■ Available data
=== Begin Enclosure ===

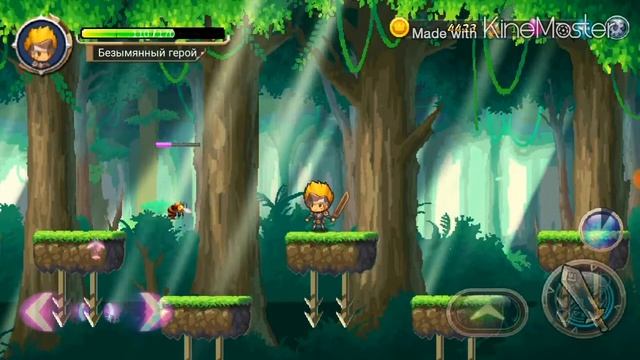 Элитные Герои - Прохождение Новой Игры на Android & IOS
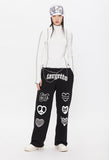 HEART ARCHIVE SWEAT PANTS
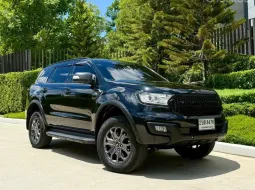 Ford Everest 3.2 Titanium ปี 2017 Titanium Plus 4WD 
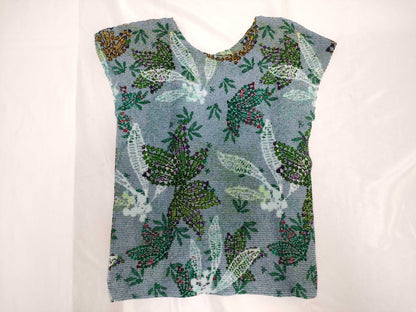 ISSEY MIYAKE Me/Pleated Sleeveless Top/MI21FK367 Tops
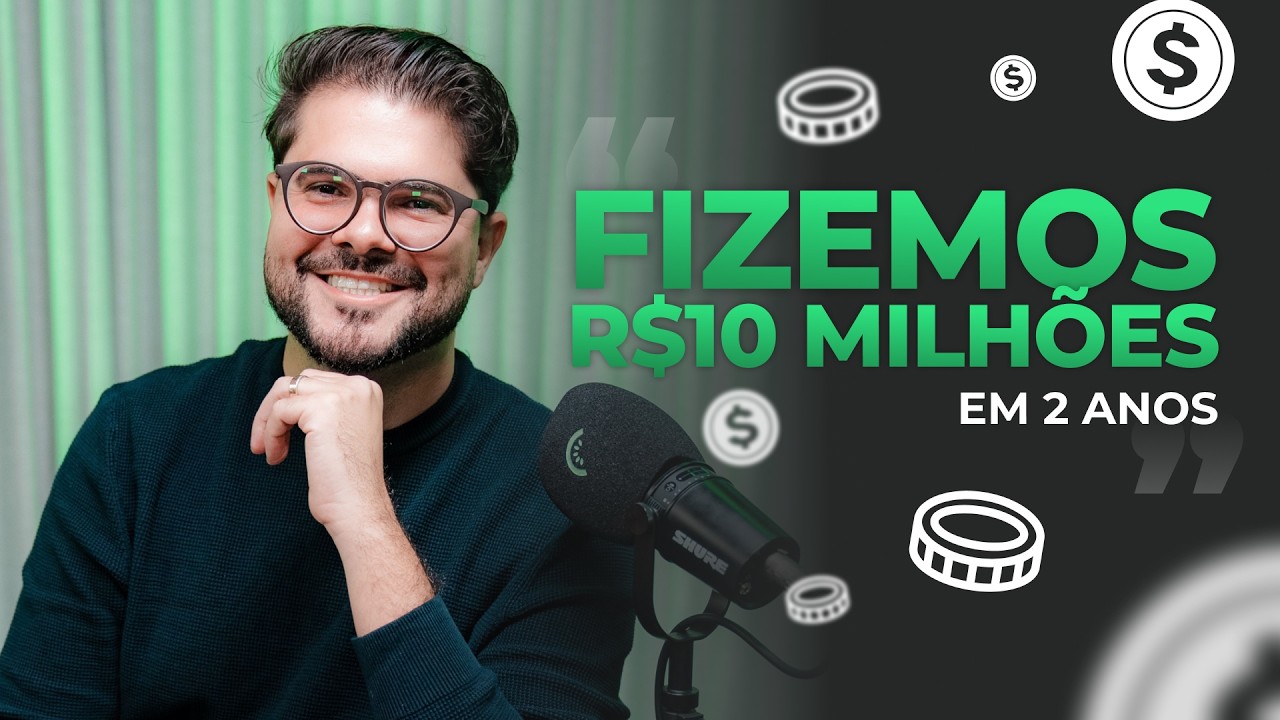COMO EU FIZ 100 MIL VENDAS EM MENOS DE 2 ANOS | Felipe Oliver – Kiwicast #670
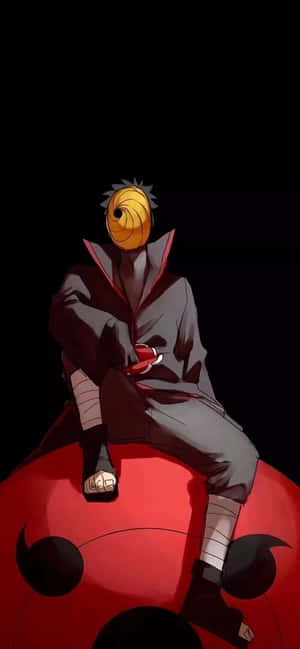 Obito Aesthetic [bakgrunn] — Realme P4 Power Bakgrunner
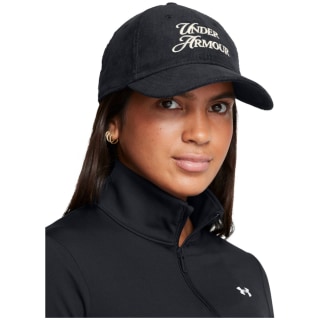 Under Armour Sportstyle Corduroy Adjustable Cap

=== End Enclosure ===

■ Activity
When copying the data above, repeat every word exactly and drop the pictures.

■ Written reply
 Элитные Герои - Прохождение Новой Игры на Android & IOS
 HEART ARCHIVE SWEAT PANTS
 Ford Everest 3.2 Titanium ปี 2017 Titanium Plus 4WD 
 ISSEY MIYAKE Me/Pleated Sleeveless Top/MI21FK367 Tops
COMO EU FIZ 100 MIL VENDAS EM MENOS DE 2 ANOS | Felipe Oliver – Kiwicast #670
 Obito Aesthetic [bakgrunn] — Realme P4 Power Bakgrunner
 Under Armour Sportstyle Corduroy Adjustable Cap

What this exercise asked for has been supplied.